Yeah, that's not it but it's cool. Thanks for trying!   :Smile: 

I've got new info now: I just found the rtl8139-diag utility and tried it out to see if it would give any extra info and everything looks fine before I do "ifconfig eth0 up", because then it says that the transmitter is "enabled with NONSTANDARD! settings, maximum burst 1024 bytes." And also: "Flow control: Tx disabled Rx disabled" which seems to fit the lights not being lit, but is weird since I can't figure out how to change that anywhere. If anyone could offer even suggestions on how to configure this driver to set up the nic differently, since it seems that something is messed up in that regard, I'd really appreciate it!

----------

## Gluteusmaximus

Hi,

I have probably the same problem here, can´t download anything. It´s strange because I can ping the servers, but nothing else works. The "ifconfig" output  looks ok, i even reduced the MTU-value...

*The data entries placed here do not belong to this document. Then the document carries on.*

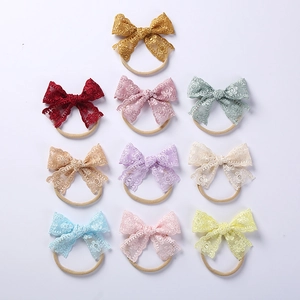 Detailed close-up of 10-piece baby nylon headbands with floral lace embroidery bows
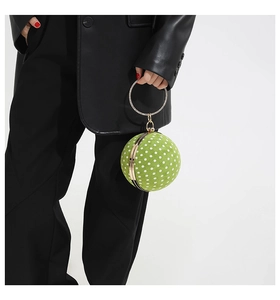 Detail of green polka dot sphere handbag with luxury rhinestone circular handle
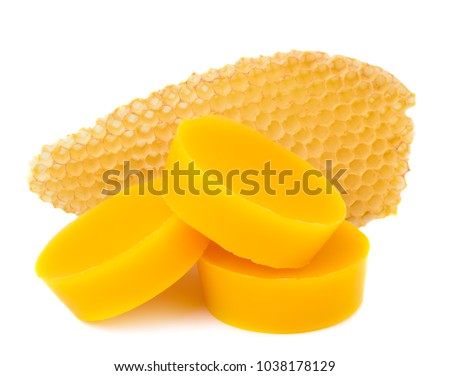 Pieces of natural beeswax and a piece of honey cell are isolated on a white background. Beekeeping products. Apitherapy Royalty-Free Stock Photo #1038178129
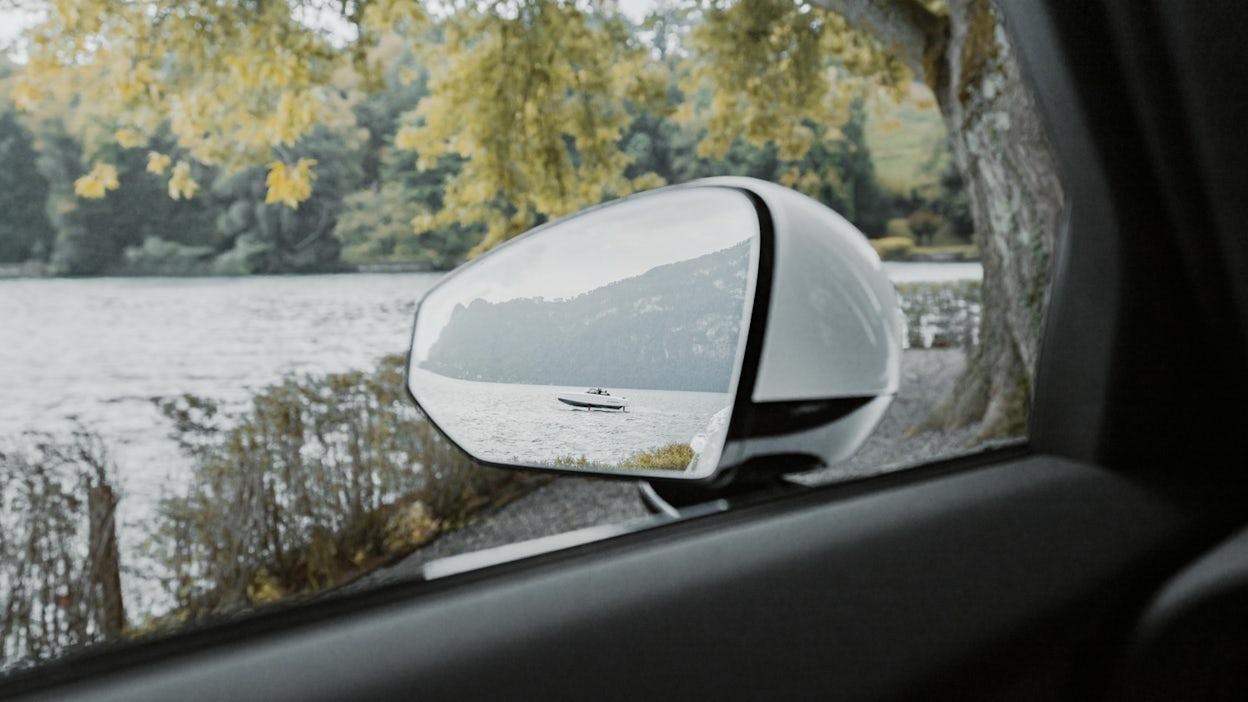 Boat reflection in car mirror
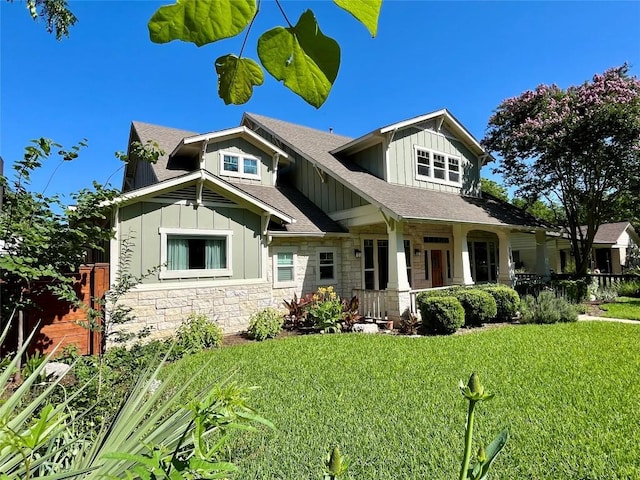 2204 Lindell Ave, Austin, TX 78704 - craftsman-style home with board and batten siding, a porch, a front yard, stone siding, and roof with shingles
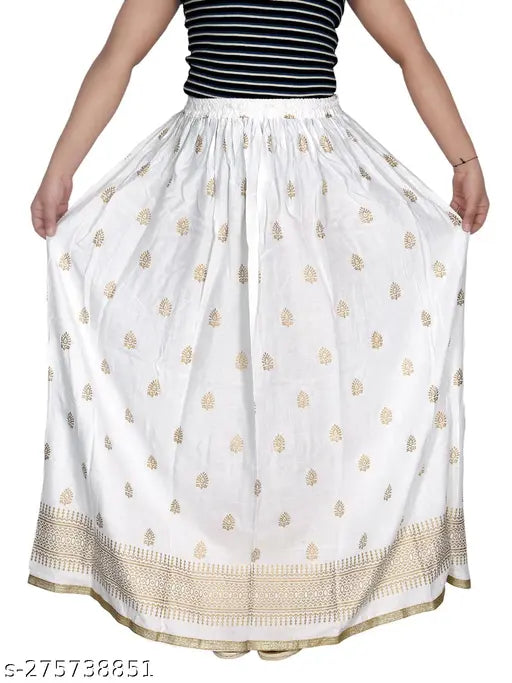 White cotton long skirt with gold embroidery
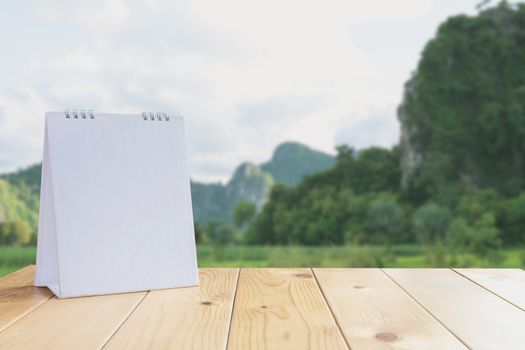 White calendar on wood table on nature background and copy space mock up.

The PC worked ok with my former Debian (and Windows) installation, though.

Weird...

----------

## pigeon768

Are you using the 8139too driver or the 8139cp driver? (try both. the other one might work) What's the output from lspci -v that's relevant to your card? When you change the kernel options, does the rtl8189-diag give different error messages?

----------

## sertrex

I had the same problem. I solved it changing an option of the Windows driver. Try enabling "Wake on Lan after shutdown" (or something similar, I don't remember exactly) from the Windows device manager. It seems to be a problem of initialising registers after a Windows shutdown.

----------

## think-x

sertrex: you are my hero! Thank you so much!

----------